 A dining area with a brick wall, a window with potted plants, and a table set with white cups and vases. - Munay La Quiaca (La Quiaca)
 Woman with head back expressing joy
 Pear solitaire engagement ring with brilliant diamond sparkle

* * * * * * * * *

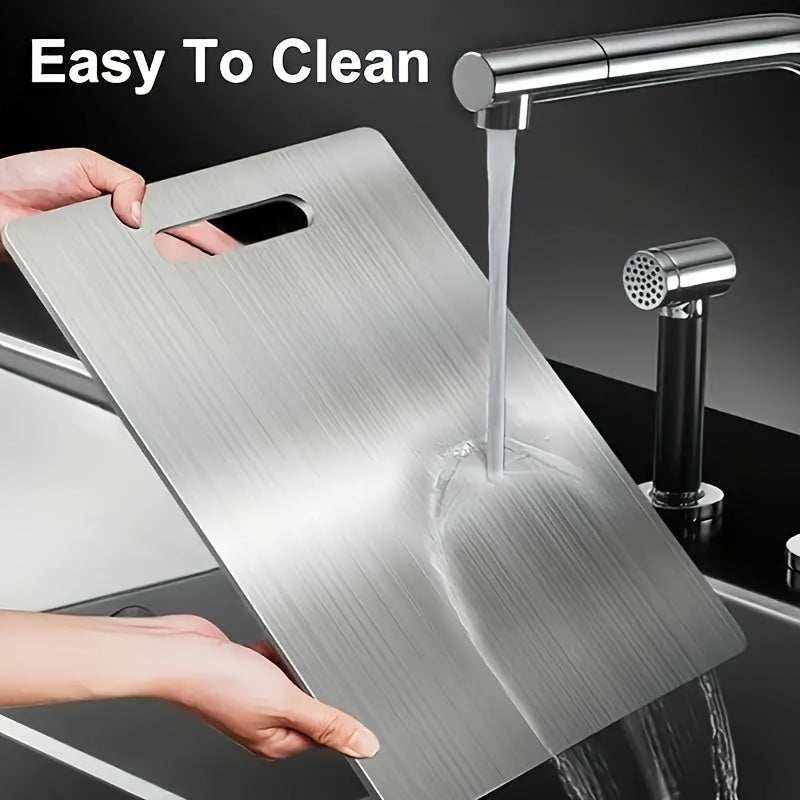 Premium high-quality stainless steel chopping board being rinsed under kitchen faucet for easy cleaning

* * * * * * * * *

Exercise: State only how many lines in the material include "with".

Answer: 3